«No desprecian a un profeta más que en su tierra, entre sus parientes y en su casa» (Mc 6, 4)
Señor Jesús, a veces imaginamos los años que viviste en Nazaret como un tiempo de pacífica convivencia con tus vecinos. No podemos pensar que suscitaras conflictos con las gentes de aquella aldea. Tú mismo te considerabas como un hombre «manso y humilde de corazón».
Es verdad que Natanael pensaba que de Nazaret no podía salir algo bueno. Pero ya conocemos la tradicional rivalidad que suele enfrentar a los pueblos más cercanos. Puede ser que los habitantes de Caná de Galilea desconfiaran de las gentes de Nazaret.

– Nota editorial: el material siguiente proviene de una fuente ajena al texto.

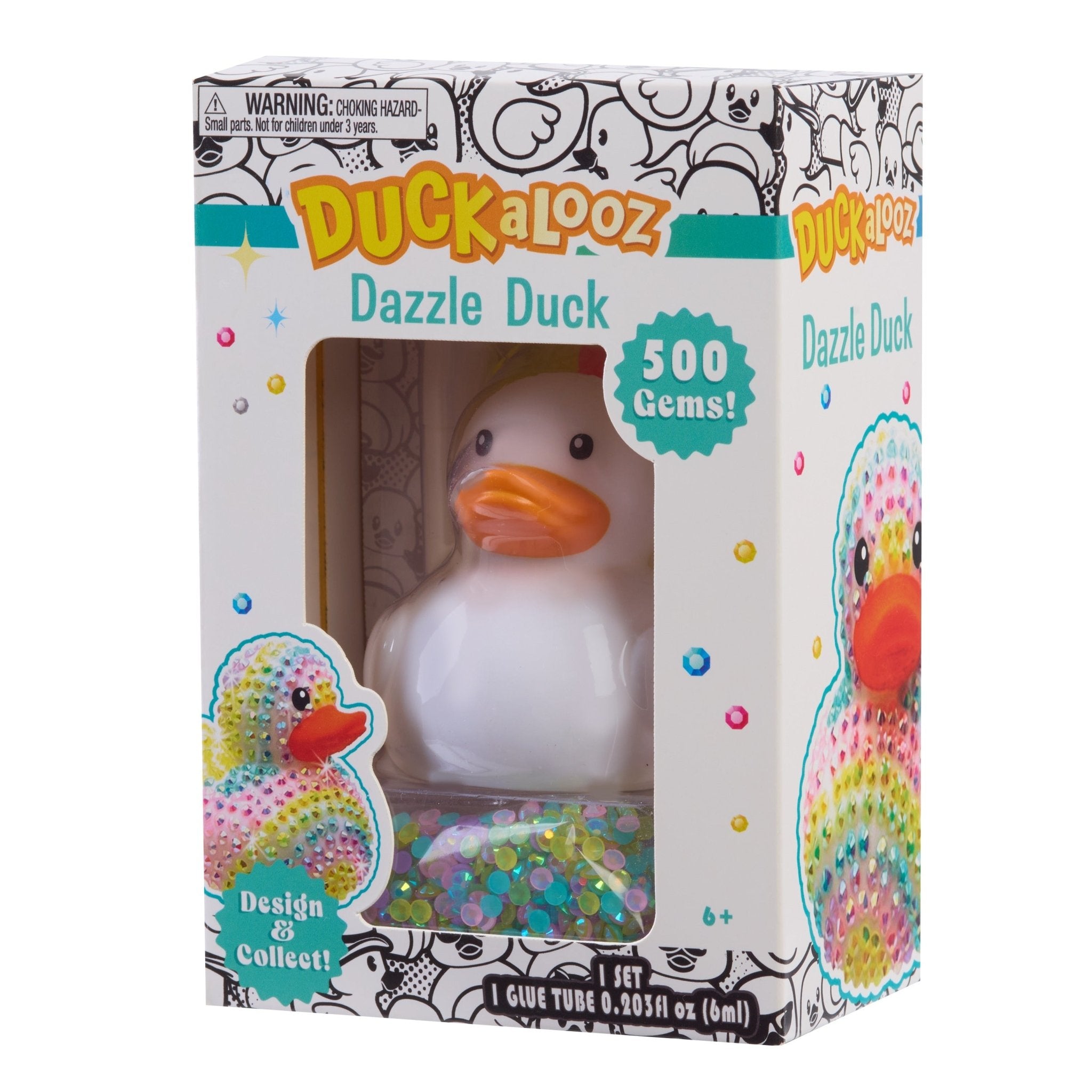 Dazzle Duck Rainbow Toy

Con todo, nos resulta sorprendente la reacción de tus vecinos cuando aquel sábado empezaste a enseñar en la sinagoga. Pero no era fácil oír cómo el sencillo carpintero que siempre habían conocido se presentaba ante ellos con una sabiduría que les resultaba desconocida
Además, decían conocer a todos tus parientes. Tu familia no podía haberte enseñado aquello que ahora tu pretendías enseñarles a ellos. No es extraño que se preguntaran unos a otros de dónde te venía el don de realizar milagros ante sus propios ojos.
No podían reconocerte como un profeta. Eras peligroso. Tal vez discutieron entre ellos y dudaron si eras un loco o un blasfemo. Es evidente que muy pronto vieron en ti esta escandalosa y peligrosa figura. ¿Cómo iban a mirarte con los ojos de la fe?
Señor Jesús, han pasado los siglos pero la situación no ha cambiado demasiado. Esta sociedad nuestra podría llegar a aceptarte como el callado artesano del poblado. Pero no está dispuesta a reconocerte como el profeta de la igualdad y la fraternidad universal.
También nosotros marcamos diferencias con todos los demás. Estamos convencidos de que nosotros tenemos toda la razón. Y solo creemos en un Dios que nos permita despreciar a los que no piensan como nosotros. Despreciarlos y perseguirlos. Ten piedad de nosotros. Amén.